Before you can scale innovation, you need to get your house in order — operationally, strategically and culturally.

When I stepped into the role of president at CSG Forte, I knew I wasn’t just inheriting a payments product. I was taking the reins of a complex business in a fast-moving industry shaped by technology, regulation, competition and customer expectations.

In situations like this, it’s tempting to focus on hype — AI, new features, next-gen tools. But innovation doesn’t start with technology. It starts inside the business.

Over the past year, I’ve made changes to grow the business — some big, some small — to align product and innovation with what customers actually need. And it has changed how we operate.

Here are five steps that you can take to drive meaningful transformation in your business, from the inside out.

1. Row together or drift apart

When I came into the role, I saw smart, driven people working hard, but not in sync. Sales, marketing, product, compliance — everyone was rowing fast, but in different boats and different directions. Without shared goals, a business can’t move forward.

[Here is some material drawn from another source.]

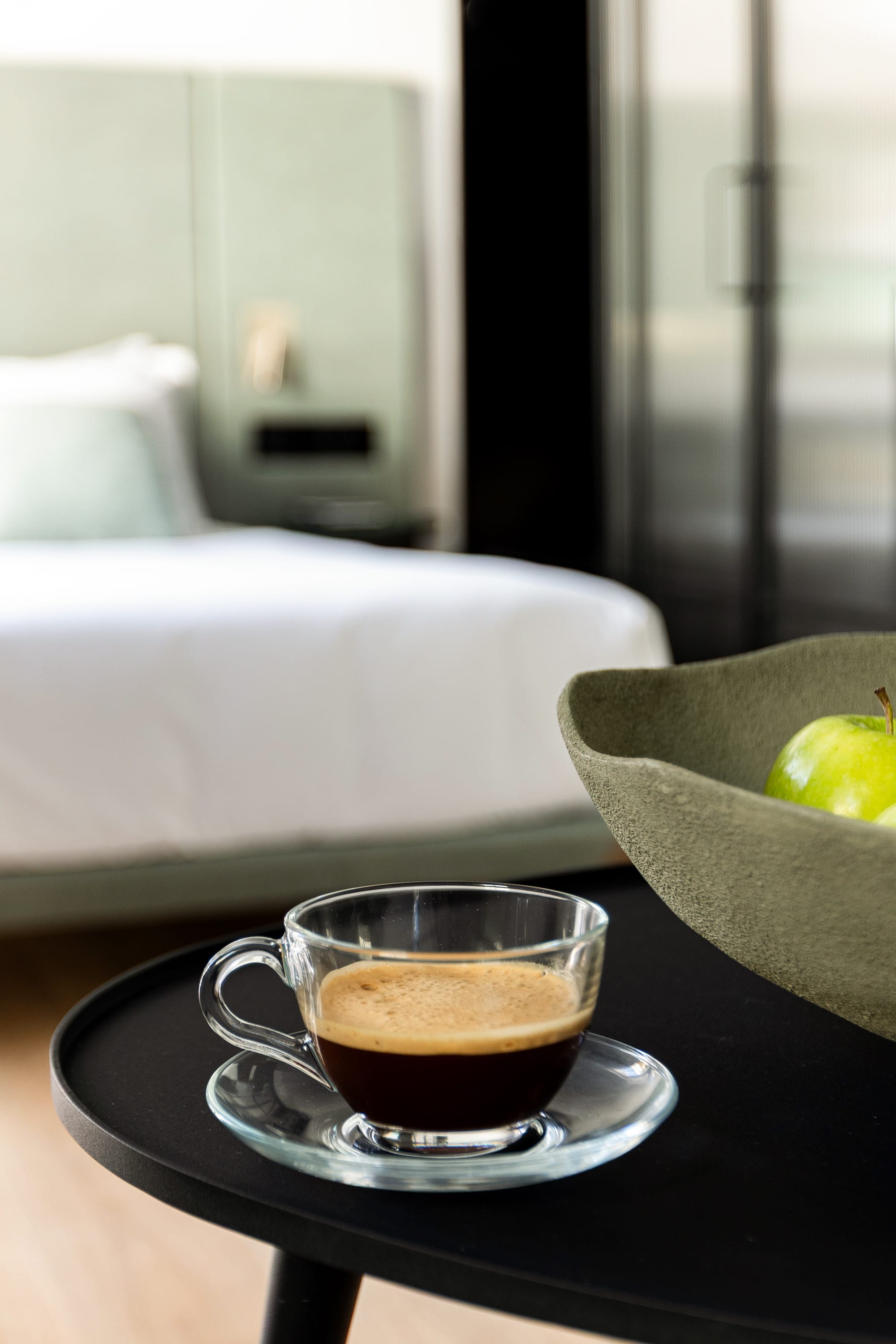 a cup of tea on a saucer next to a green apple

We needed to get everyone in the same boat and rowing in the same direction.

We started by setting three shared goals across departments, around revenue margins, product performance and, crucially, customer satisfaction.

It is critical to put the customer at the core of your strategy. When everyone’s focused on the customer — through outcomes and support — profitability will follow.

To make those goals happen, we reconfigured incentive structures across teams and leadership. Incentive plans are standard for sales teams, but in many companies, other teams aren’t included. They follow different bonus structures or corporate plans that don’t reflect the same urgency. We changed that. We built shared metrics and restructured incentives so every team could tie their work to business growth. This alignment made success repeatable.

With everyone focused on the same goals, we weren’t just rowing — we were racing.

2. Embrace a bias toward action

Growth doesn’t happen by accident, especially in a complex, B2B space like payments. It takes intention, structure and alignment across every team. Innovation isn’t a department. It’s a mindset your culture must embody.

To build that mindset, I focused on two things:

A. Organizational design

At this point, everyone was in the same boat, rowing toward the north star. But were they in the right seat?

Where people sit in a boat affects balance, speed, rhythm and stability. Companies tend to optimize around individuals instead of the goals of the business. That slows everyone down.

We restructured teams to ensure we had the right people, with the right skills, in the right roles, setting us up for expansion and scalability.

B. A culture of action

The second shift was cultural. I pushed my leaders to develop a bias toward action.

Too many meetings ended with good ideas and no outcomes. That doesn’t work. Now, every idea gets an owner and a timeline. We break big goals into small moves. We track progress, adjust quickly and keep moving.

You can’t boil the ocean. Focus on what’s achievable — one step at a time. It’s not just about doing more. It’s about tying every action to a customer outcome and measuring real progress, not just good intent.

When innovation becomes everyone’s job, things change. People move with clarity. Teams act faster. And the culture shifts from planning to doing.

3. Foster trust to stop the leaks

Customer retention matters as much as growth, especially when you run on a recurring revenue model. After all, how fast can a leaky boat really go?

But most companies manage churn reactively. I wanted to flip that approach.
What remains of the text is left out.